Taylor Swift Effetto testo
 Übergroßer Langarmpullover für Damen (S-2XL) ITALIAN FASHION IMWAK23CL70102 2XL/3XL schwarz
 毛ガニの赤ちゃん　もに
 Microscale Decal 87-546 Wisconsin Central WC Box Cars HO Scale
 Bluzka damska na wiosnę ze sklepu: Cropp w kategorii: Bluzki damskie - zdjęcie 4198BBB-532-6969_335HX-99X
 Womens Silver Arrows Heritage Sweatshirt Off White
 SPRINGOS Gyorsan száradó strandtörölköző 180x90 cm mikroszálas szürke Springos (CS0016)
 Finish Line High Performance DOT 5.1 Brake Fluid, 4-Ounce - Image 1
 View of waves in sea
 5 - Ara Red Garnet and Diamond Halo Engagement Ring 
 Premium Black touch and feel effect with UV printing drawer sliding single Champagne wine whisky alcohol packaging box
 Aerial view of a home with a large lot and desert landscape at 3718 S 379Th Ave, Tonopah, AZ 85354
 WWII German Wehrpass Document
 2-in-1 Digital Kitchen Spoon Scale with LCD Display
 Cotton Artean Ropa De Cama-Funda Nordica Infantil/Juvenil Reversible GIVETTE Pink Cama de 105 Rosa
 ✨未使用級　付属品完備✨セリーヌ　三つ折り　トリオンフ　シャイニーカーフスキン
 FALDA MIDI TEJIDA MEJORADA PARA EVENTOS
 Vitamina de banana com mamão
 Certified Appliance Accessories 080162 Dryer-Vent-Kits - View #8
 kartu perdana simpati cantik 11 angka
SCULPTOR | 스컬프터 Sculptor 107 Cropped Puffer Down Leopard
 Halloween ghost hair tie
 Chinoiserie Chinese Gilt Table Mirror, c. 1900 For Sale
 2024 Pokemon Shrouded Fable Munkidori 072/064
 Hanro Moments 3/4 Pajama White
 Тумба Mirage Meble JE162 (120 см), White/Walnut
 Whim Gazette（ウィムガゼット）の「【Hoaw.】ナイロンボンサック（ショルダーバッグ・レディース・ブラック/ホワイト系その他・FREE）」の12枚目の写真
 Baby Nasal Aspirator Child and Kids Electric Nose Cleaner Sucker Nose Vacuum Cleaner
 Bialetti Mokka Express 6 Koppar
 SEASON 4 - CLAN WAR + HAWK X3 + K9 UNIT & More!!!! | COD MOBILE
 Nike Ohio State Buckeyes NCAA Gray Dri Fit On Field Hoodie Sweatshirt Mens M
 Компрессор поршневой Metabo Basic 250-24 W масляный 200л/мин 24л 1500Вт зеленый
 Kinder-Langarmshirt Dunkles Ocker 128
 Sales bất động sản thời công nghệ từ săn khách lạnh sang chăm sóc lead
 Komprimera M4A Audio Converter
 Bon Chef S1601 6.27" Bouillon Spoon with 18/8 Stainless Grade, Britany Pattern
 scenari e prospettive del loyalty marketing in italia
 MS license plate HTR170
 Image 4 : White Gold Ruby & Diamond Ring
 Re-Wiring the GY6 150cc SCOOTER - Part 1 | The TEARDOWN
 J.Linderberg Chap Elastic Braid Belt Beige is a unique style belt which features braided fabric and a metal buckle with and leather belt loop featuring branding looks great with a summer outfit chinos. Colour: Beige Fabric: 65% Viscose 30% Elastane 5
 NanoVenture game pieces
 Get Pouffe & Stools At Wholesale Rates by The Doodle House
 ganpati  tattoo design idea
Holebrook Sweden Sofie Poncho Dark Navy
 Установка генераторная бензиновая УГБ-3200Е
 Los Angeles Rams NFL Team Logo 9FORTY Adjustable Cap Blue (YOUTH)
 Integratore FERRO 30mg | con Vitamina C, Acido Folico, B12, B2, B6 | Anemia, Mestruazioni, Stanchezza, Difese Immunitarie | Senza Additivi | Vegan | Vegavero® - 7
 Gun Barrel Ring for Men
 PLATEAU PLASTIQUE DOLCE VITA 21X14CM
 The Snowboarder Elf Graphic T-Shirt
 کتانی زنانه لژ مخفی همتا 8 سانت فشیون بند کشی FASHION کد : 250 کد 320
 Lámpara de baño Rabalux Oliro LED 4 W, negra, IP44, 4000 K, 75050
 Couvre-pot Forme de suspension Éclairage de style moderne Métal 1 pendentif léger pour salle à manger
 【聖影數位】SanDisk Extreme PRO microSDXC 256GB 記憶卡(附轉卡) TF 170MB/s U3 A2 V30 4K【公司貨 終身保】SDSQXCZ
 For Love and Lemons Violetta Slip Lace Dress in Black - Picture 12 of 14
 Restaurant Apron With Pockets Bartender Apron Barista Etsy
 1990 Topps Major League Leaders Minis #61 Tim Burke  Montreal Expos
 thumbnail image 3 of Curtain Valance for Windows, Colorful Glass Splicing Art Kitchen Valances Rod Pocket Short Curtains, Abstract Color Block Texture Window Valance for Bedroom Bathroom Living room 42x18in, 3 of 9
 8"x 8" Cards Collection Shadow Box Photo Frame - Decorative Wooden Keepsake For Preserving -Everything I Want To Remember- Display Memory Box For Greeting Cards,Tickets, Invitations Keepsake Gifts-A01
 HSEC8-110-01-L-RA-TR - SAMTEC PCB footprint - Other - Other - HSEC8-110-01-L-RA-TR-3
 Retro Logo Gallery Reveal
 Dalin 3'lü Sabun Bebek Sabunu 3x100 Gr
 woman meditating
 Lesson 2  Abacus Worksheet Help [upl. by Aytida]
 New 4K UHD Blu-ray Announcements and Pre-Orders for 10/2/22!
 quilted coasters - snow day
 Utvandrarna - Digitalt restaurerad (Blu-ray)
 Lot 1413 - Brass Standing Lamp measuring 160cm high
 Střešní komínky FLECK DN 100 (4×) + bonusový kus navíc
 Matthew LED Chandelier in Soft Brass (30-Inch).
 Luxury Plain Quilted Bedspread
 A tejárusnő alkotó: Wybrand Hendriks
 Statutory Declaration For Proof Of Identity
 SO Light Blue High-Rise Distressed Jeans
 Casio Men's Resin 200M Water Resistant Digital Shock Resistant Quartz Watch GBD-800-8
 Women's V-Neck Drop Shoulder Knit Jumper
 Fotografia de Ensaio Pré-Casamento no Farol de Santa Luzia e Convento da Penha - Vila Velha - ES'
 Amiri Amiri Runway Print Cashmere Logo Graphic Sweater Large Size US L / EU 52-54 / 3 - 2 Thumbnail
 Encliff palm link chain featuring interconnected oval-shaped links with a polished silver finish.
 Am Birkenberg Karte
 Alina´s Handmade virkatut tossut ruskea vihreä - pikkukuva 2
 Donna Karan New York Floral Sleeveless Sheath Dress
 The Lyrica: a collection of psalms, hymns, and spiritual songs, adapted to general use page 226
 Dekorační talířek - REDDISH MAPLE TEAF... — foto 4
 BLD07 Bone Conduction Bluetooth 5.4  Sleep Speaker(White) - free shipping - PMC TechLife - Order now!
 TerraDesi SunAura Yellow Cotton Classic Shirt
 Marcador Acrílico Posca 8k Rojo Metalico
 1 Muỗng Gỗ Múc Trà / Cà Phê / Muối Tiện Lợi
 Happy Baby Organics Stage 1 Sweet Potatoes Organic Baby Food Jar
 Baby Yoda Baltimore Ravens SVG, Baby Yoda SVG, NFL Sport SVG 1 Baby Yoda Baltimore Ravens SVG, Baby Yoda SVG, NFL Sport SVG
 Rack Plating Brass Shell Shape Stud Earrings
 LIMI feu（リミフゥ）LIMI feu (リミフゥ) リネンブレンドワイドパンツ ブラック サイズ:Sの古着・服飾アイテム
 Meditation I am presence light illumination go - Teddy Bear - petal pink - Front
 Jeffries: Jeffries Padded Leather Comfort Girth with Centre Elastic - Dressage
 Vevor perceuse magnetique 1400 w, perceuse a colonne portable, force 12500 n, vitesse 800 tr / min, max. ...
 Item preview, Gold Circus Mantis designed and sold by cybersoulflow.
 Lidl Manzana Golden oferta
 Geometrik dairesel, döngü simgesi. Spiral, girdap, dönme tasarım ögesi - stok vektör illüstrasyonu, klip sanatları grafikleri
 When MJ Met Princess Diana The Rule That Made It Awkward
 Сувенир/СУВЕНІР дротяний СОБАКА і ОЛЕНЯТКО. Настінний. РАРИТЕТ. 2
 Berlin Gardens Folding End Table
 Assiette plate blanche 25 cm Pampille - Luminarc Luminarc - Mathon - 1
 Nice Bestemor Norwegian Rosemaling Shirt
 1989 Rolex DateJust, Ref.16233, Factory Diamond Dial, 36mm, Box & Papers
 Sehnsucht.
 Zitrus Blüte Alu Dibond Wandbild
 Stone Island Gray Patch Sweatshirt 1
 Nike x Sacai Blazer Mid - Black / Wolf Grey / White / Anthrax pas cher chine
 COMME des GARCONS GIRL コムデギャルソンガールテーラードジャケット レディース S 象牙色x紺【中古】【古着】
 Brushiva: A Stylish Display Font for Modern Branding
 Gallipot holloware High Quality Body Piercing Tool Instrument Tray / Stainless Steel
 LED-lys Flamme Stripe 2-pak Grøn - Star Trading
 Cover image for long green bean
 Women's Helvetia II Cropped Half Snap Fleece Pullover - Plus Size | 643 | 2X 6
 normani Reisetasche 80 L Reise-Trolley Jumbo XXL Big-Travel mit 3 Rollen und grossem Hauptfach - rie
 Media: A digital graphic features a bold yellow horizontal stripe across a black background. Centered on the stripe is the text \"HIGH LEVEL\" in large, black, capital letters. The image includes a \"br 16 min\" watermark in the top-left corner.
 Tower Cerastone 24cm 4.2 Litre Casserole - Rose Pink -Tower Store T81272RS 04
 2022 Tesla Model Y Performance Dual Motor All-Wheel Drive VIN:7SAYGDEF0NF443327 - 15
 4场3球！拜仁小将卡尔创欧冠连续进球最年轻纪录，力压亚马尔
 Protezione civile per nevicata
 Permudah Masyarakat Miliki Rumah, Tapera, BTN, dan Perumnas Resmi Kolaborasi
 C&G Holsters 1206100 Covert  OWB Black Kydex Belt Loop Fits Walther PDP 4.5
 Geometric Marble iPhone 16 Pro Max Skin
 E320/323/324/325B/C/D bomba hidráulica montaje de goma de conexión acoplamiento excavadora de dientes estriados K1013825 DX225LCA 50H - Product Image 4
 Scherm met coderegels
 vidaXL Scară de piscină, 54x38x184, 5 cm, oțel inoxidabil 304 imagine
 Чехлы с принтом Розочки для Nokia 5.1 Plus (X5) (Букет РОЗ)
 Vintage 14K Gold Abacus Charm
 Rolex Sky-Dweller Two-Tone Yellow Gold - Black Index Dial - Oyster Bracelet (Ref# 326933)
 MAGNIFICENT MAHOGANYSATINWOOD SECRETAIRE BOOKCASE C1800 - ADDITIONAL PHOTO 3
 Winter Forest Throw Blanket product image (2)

■ ■ ■ ■ ■

WHAT NEEDS TO BE DONE:
Transcribe, exactly as written, all lines of the entries above from the first to the one containing "SPRINGOS Gyorsan száradó", and no more.

RESULT:
Taylor Swift Effetto testo
 Übergroßer Langarmpullover für Damen (S-2XL) ITALIAN FASHION IMWAK23CL70102 2XL/3XL schwarz
 毛ガニの赤ちゃん　もに
 Microscale Decal 87-546 Wisconsin Central WC Box Cars HO Scale
 Bluzka damska na wiosnę ze sklepu: Cropp w kategorii: Bluzki damskie - zdjęcie 4198BBB-532-6969_335HX-99X
 Womens Silver Arrows Heritage Sweatshirt Off White
 SPRINGOS Gyorsan száradó strandtörölköző 180x90 cm mikroszálas szürke Springos (CS0016)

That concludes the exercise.